When you reach the line containing "Máxima Cancún 97.5 - XHCAN Logo" in the entries below, begin reproducing lines exactly, and stop once the line containing "E-Moto Cockpit Cleanup Kit" is done.

• **Source records**:
※

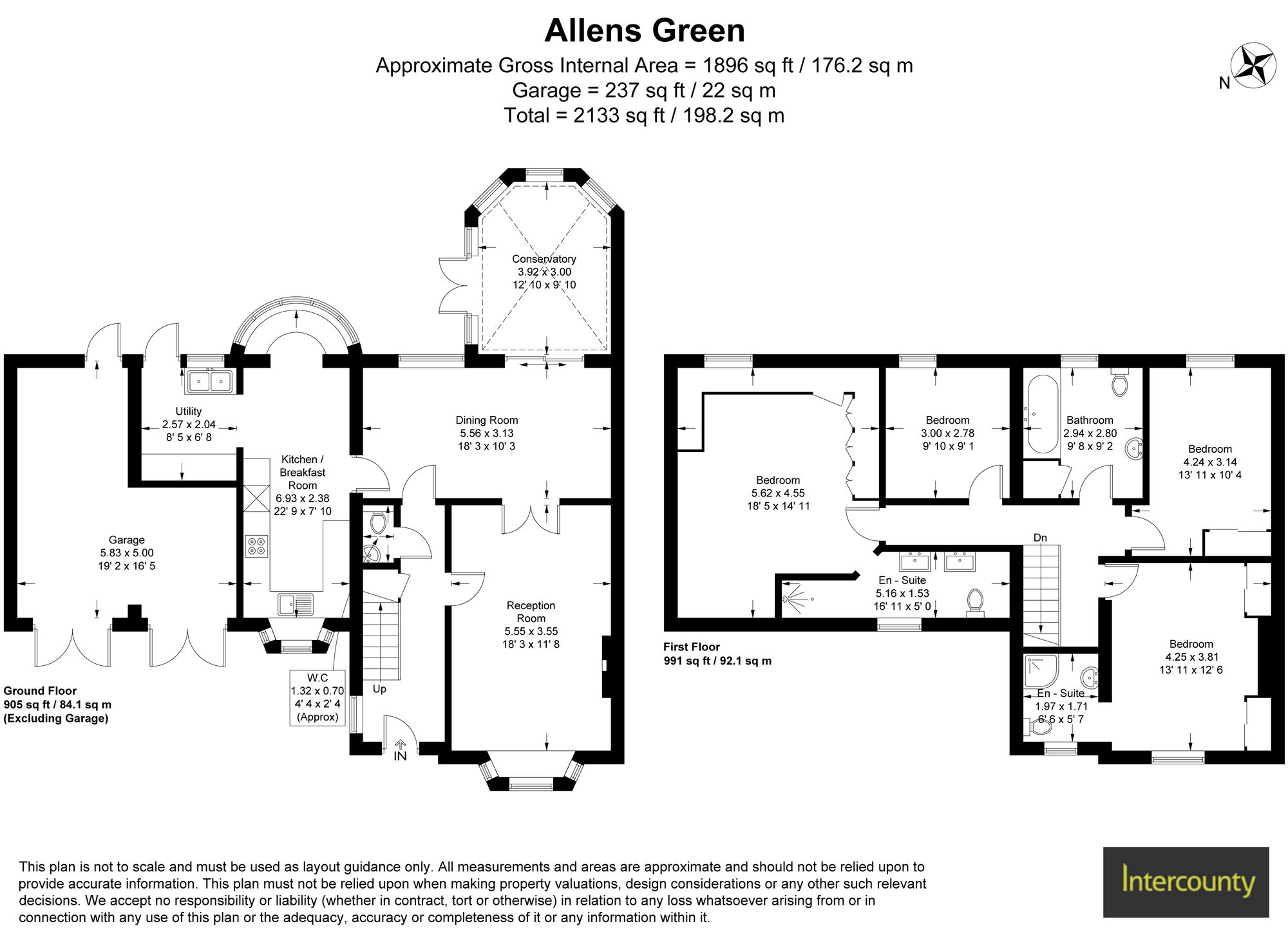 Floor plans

※

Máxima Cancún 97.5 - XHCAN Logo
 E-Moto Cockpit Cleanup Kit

※

• **Expected output**:
Máxima Cancún 97.5 - XHCAN Logo
 E-Moto Cockpit Cleanup Kit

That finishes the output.